美夜はしばらくの間、食欲という食欲が落ちた。
バイトの間は立ちっぱなしになるため朝食としてランチパックを無理やり詰め込むが、二枚入りのうちの半分しか食べられなかった。
一日それだけしか食べない生活を一ヶ月ほど続けていると、体重が四キロも落ちた。不意に鏡を見て自分の足が異様に細いことに気がつき、ようやくやっと自分が痩せたことに気付いた。
しかしだからといって生活は変わらない。生きるためになんとか飲み込むのが食べ物で、そこに楽しみは見出せなくなっていた。
けれど一方で、外には毎日のように出掛けた。バイトが終われば街を徘徊した。そして、気が付くとピアノから離れていた。

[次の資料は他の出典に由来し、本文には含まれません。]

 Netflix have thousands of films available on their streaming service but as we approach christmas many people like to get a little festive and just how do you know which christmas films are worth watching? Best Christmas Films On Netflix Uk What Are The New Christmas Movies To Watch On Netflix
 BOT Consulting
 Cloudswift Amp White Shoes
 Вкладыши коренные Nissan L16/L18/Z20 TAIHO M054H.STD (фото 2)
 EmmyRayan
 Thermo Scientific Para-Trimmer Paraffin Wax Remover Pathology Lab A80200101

弾くことはできる。知っている曲なら考えなくても指が動く。だが、そこにそれ以上《《なにか》》を込めることができない。弾いていると連鎖反応のように辰美を思い出した。
あの出来事から時間が経ち、美夜の周りは以前と比べ静かになった。風の噂も七十五日だ。美夜の災難は次第に人の記憶から消えていく。

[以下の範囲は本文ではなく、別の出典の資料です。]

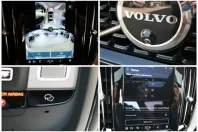 Volvo S60 din 2024 cu 23.000 km - oferta VOL173904 - foto 12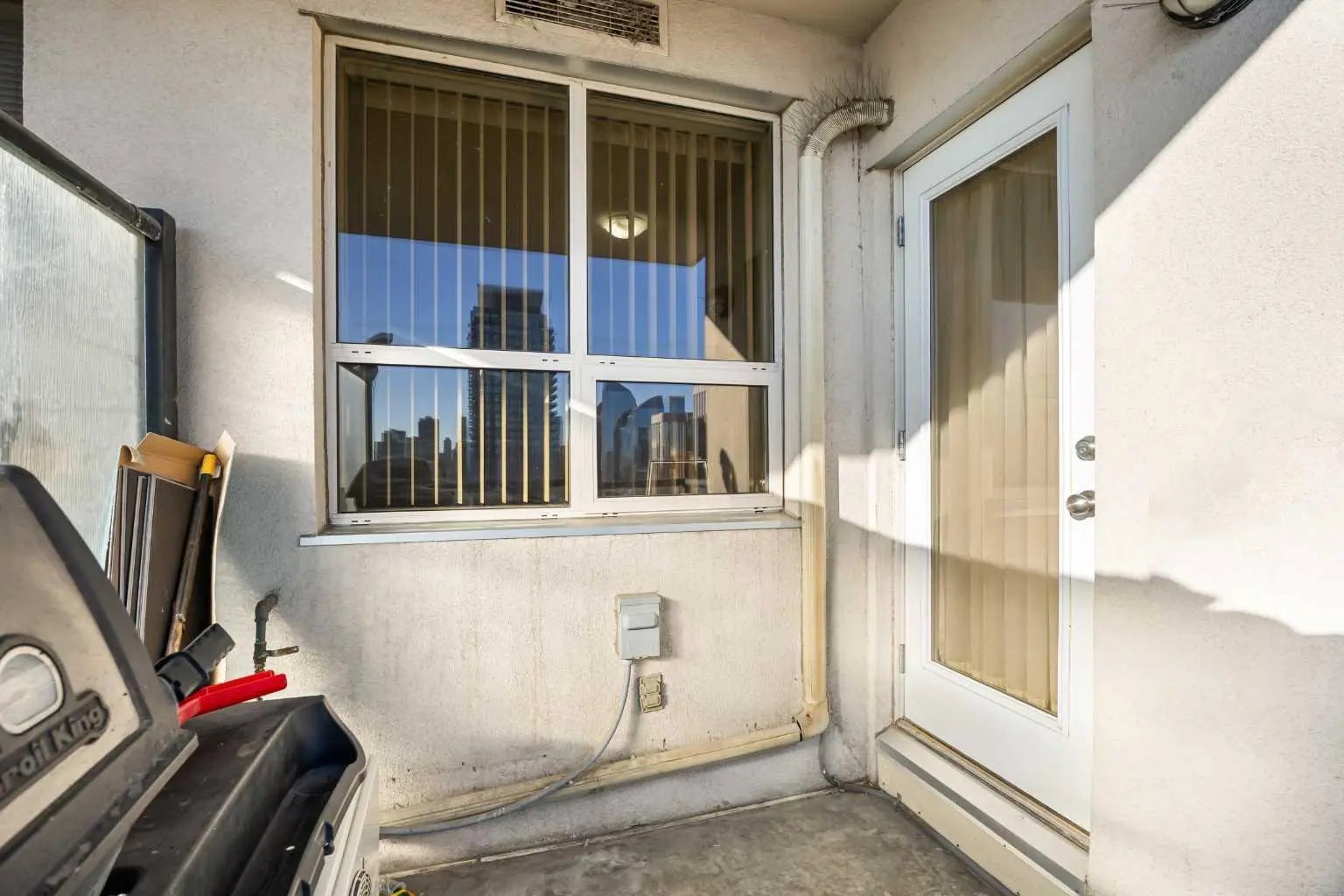 1906, 1053 10 Street Southwest, Calgary – Residential Apartment Listing Photo 7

そしてこの噂のように、辰美の心からも自分が消えている────それを受け止められるほど、美夜は成熟していなかった。
そんな腑抜けた生活を続けて半年ほど経った頃のことだった。
以前、一度田村オーナーからサポート依頼のあった女性アーティストの『響』から連絡が来た。

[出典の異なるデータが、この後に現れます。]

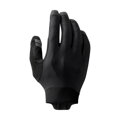 SHIMANO Gloves ENDURO black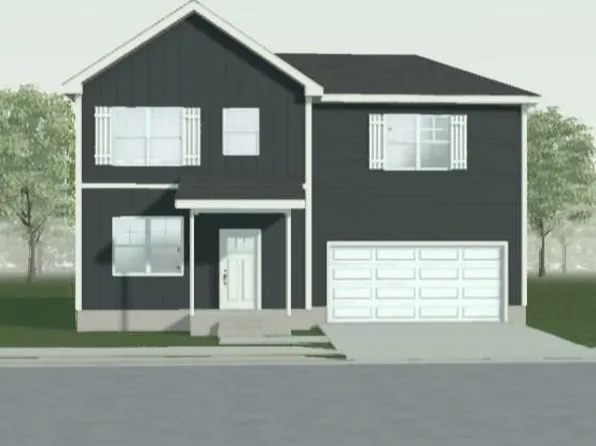 216 Reece Rd, Baxter, TN 38544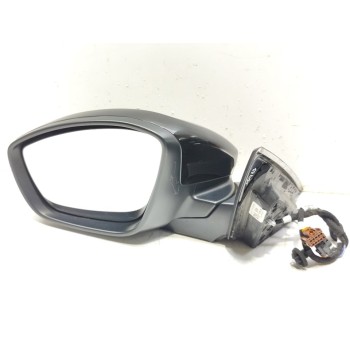 RETROVISOR IZQUIERDO 984110929V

美夜は単身呼びだされ、待ち合わせのカフェに向かった。
響は美夜よりも三歳も年下の女性だ。やや内気で、歌っていない時は声が小さく、大人しい。ただ声を出せばそのイメージが覆るほど魅力的なハスキーボイスの持ち主だった。
響は端っこの席に座り、目深にグレーのニット帽をかぶっていた。目には太い黒縁眼鏡。それによく似合うボブカット。今時の若者だ。
「どうも、お久しぶりです」
ペコリと頭を下げた響は、まるで十代の少女のように見えた。近頃は若者から支持を集め、SNSではかなり有名な人物になった。この眼鏡と帽子はそのためだろうか。
「お久しぶりですね。ライブ以来、でしょうか」
「あ、はい」
「響さん、すごい人気にですね。ちょくちょく、動画拝見してます」
「ありがとうございます……なんとか、やってます。あの、今日はミヤさんに折り入ってご相談があるんですが」
「なんでしょう」
「実は今年、ツアーをやることになって。東京と大阪と福岡でライブやるんです。それで、あの……ミヤさんにまたサポートお願いできないかなと」
以前なら、喜んだことだった。だが、美夜は心から喜べなかった。
────辰美さんが聞いたら、きっと喜んでくれたのにな。
以前、響のサポートを頼まれた時、辰美がライブに来てくれた時のことを思い出した。
自分が主催するわけでもないのに、辰美は見に来てくれた。花をくれた。あの花はいまだに部屋に飾られている。
けれどもう、辰美はライブに来ないだろう。
「あの……どうでしょう」
ハッと我に帰る。響が窺うように見つめていた。
「……ありがとうございます。お引き受けします」
「良かった……。私あんまり頼める人いなくて、断られたらどうしようかと、思ってました」
「響さんなら一緒にやりたい人もたくさんいるんじゃないんですか」
「声は、よくかけられるんです。でも私がこんな感じなので、その……あんまりうまくいかなくて」
響は歌手にしては内向的な性格だ。それでもステージに立てば一変するが、リハーサルの時もなかなか意見を言おうとしない。いや、周りが年上ばかりだから遠慮しているのだろう。
だから歳が近い自分に頼みたかったのかもしれない。
「あの……ミヤさんのほうは、最近どうですか」
「ぼちぼち、ですかね。色々あって……ちょっと、悩んでます」
「もしかして……ブログに書いてたことですか」
響はブログを見たのだろうか。狭い世界だ。SNSでも繋がっているし、知ろうと思えば簡単に知ることができる。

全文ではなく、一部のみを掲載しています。